** RECORDS FOR THIS TASK follows **
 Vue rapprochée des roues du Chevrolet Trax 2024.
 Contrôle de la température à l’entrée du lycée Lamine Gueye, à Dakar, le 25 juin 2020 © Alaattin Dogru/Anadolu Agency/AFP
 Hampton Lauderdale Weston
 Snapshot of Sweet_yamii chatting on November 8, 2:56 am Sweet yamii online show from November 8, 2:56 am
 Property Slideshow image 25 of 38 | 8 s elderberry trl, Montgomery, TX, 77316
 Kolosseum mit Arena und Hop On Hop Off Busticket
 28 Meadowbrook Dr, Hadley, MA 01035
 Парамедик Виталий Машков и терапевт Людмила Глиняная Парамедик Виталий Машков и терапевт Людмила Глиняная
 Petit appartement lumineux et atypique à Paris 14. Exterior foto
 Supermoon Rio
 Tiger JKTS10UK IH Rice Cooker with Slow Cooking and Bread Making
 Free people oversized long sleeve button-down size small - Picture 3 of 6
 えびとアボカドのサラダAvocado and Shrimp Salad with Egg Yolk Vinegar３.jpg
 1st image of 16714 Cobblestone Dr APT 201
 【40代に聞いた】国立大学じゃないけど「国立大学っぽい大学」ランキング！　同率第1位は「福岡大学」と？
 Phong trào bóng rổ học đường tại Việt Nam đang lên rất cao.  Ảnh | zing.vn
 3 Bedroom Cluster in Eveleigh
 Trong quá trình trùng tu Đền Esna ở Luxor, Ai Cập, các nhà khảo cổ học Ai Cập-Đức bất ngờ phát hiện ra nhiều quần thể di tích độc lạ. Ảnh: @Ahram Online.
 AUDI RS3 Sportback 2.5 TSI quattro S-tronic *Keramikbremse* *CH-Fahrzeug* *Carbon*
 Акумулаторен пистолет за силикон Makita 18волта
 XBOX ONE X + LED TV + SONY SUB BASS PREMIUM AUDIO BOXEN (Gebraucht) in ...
** End of RECORDS FOR THIS TASK **
WHAT IS EXPECTED:
Please output the complete data exactly.

RESPONSE TO THIS TASK:
 Vue rapprochée des roues du Chevrolet Trax 2024.
 Contrôle de la température à l’entrée du lycée Lamine Gueye, à Dakar, le 25 juin 2020 © Alaattin Dogru/Anadolu Agency/AFP
 Hampton Lauderdale Weston
 Snapshot of Sweet_yamii chatting on November 8, 2:56 am Sweet yamii online show from November 8, 2:56 am
 Property Slideshow image 25 of 38 | 8 s elderberry trl, Montgomery, TX, 77316
 Kolosseum mit Arena und Hop On Hop Off Busticket
 28 Meadowbrook Dr, Hadley, MA 01035
 Парамедик Виталий Машков и терапевт Людмила Глиняная Парамедик Виталий Машков и терапевт Людмила Глиняная
 Petit appartement lumineux et atypique à Paris 14. Exterior foto
 Supermoon Rio
 Tiger JKTS10UK IH Rice Cooker with Slow Cooking and Bread Making
 Free people oversized long sleeve button-down size small - Picture 3 of 6
 えびとアボカドのサラダAvocado and Shrimp Salad with Egg Yolk Vinegar３.jpg
 1st image of 16714 Cobblestone Dr APT 201
 【40代に聞いた】国立大学じゃないけど「国立大学っぽい大学」ランキング！　同率第1位は「福岡大学」と？
 Phong trào bóng rổ học đường tại Việt Nam đang lên rất cao.  Ảnh | zing.vn
 3 Bedroom Cluster in Eveleigh
 Trong quá trình trùng tu Đền Esna ở Luxor, Ai Cập, các nhà khảo cổ học Ai Cập-Đức bất ngờ phát hiện ra nhiều quần thể di tích độc lạ. Ảnh: @Ahram Online.
 AUDI RS3 Sportback 2.5 TSI quattro S-tronic *Keramikbremse* *CH-Fahrzeug* *Carbon*
 Акумулаторен пистолет за силикон Makita 18волта
 XBOX ONE X + LED TV + SONY SUB BASS PREMIUM AUDIO BOXEN (Gebraucht) in ...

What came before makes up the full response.